"An often richly drawn portrait of immigration, acculturation, and family loyalty."– Kirkus Reviews
A collection speaks in part to the poet’s Mexican-American heritage.
In these multifaceted poems, Mexico-born, Houston-raised Salazar (Of Dreams and Thorns, 2017) explores general human themes like love and war in addition to specific experiences as a person of color. The book begins with a sensual meditation on desire, featuring luscious descriptions of a lover, from lips “moist like youth” to the body’s “softest velvet” slopes. The poems shift to odes to cultural icons like the Tejano star Selena and Mexican-German painter Frida Kahlo as well as occasion pieces honoring his brother’s 40th birthday and a friend’s mother’s memorial service. The author hits his stride when he delves into identity. In “I Am Not Brown,” he contemplates the societal implications of skin tone and his inability to fit into the rigid category of Caucasian or Latino. “For white and black and brown alike / Are slaves to history’s brush strokes,” he writes. “Grateful for the Work,” perhaps Salazar’s loveliest poem, catalogs the day of a laborer, starting with an early morning awakening and following him as he toils in 100-degree heat, enjoys tacos from his lunch pail, buys beverages from a child’s lemonade stand, and returns home to an equally hard-working wife. The author then makes an abrupt turn toward Syria in a series of poems that condemn that country’s president, Bashar Hafez al-Assad. They serve as a rallying cry for Syrians and grieve for the murdered masses. Salazar’s closing poem, “Sons of Bitches,” is a clunky rant about a 20-year-old immigrant shot in the head by a U.S. Customs and Border Patrol agent. The gratuitous violence and political theologizing are ill at ease with the intimate, personal experiences that preceded them, such as the fablelike “A Mexican is Made of This,” in which Salazar beautifully describes the “rainbows, bronze, backbone, butterflies” that his people embody.
A volume of poetry that shines when focused on the author’s experiences of race and culture.
Salazar’s debut novel presents a Mexican-American family’s saga from the 1950s to the ’90s.

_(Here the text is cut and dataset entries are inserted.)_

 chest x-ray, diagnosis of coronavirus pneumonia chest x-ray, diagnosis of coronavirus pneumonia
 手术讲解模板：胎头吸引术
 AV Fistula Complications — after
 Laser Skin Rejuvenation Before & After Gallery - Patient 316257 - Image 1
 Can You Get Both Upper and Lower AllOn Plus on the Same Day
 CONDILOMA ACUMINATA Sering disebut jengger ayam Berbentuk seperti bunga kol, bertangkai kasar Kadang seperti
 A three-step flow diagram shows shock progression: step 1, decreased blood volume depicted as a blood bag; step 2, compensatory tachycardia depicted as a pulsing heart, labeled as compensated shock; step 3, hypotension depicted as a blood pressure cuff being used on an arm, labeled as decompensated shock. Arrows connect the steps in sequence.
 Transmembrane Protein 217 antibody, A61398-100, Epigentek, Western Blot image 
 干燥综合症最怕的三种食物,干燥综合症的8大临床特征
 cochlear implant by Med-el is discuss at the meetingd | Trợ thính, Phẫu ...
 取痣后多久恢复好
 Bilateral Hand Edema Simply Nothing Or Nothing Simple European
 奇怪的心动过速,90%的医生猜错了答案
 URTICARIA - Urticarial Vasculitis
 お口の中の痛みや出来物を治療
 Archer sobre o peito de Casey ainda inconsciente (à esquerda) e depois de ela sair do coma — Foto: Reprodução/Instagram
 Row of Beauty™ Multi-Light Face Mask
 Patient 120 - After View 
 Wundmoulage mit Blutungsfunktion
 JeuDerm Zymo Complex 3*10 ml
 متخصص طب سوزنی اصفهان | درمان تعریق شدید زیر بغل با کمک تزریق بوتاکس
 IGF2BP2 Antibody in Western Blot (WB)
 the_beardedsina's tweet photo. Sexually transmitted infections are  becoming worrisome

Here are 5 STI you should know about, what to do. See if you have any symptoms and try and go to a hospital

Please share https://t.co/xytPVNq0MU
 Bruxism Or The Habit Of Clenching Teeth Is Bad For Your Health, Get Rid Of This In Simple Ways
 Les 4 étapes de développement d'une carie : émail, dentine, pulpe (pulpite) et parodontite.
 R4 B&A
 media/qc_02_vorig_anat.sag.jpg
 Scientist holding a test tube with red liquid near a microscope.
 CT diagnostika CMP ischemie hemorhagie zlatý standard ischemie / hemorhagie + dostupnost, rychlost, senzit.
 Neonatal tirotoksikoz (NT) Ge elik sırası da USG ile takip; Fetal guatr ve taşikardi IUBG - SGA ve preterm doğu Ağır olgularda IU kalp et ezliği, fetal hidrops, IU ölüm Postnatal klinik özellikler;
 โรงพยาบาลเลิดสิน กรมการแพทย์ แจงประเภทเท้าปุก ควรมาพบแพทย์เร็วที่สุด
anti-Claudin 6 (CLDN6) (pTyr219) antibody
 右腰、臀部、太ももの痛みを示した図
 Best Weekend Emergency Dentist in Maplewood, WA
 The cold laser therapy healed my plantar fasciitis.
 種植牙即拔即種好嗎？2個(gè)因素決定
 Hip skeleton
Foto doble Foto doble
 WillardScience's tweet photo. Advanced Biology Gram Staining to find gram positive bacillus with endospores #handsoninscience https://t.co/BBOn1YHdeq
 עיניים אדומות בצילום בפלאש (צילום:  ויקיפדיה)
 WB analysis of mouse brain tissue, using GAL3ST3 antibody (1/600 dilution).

The story follows the members of the Ocañas clan from a rural farming village near Monterrey, Mexico, where patriarch Ramiro’s roots run deep, through moves to Chicago, Houston, and Orange Cove, California, as his children establish roots in the United States. The book opens with Ramiro’s arrival in the frigid Windy City in 1950, where he’s followed an acquaintance in the hope of getting factory work and providing for his family. He faces challenges as he learns the ways of a new country; he also ends up having an affair with his much older landlady, despite his professed devotion to his wife, Eliza, back in the village of Naranjales. Ramiro returns to Mexico after becoming financially stable, but after a family tragedy, he returns to the United States for good, bringing his wife and kids with him to settle in Houston. The children face their own challenges as they struggle to bridge the divide between the rural lives of their parents and the urban world they now call their own. Salazar does an excellent job of depicting Ramiro’s transitions, particularly during his time in Chicago as a young man; a scene of his first visit to a supermarket is particularly vivid. The book also effectively shows the commonalities and the subtle differences between Mexicans and Mexican-Americans. On the whole, the writing is strong, although Salazar’s tendency to provide a word-for-word translation of Spanish dialogue grows repetitive: “ ‘Compa, que gusto de verte. Ya me ansiaba oir esa risa contagiosa tuya,’ ‘So great to see you, buddy. I couldn’t wait to hear that infectious laugh of yours again.’ ”
An often richly drawn portrait of immigration, acculturation, and family loyalty.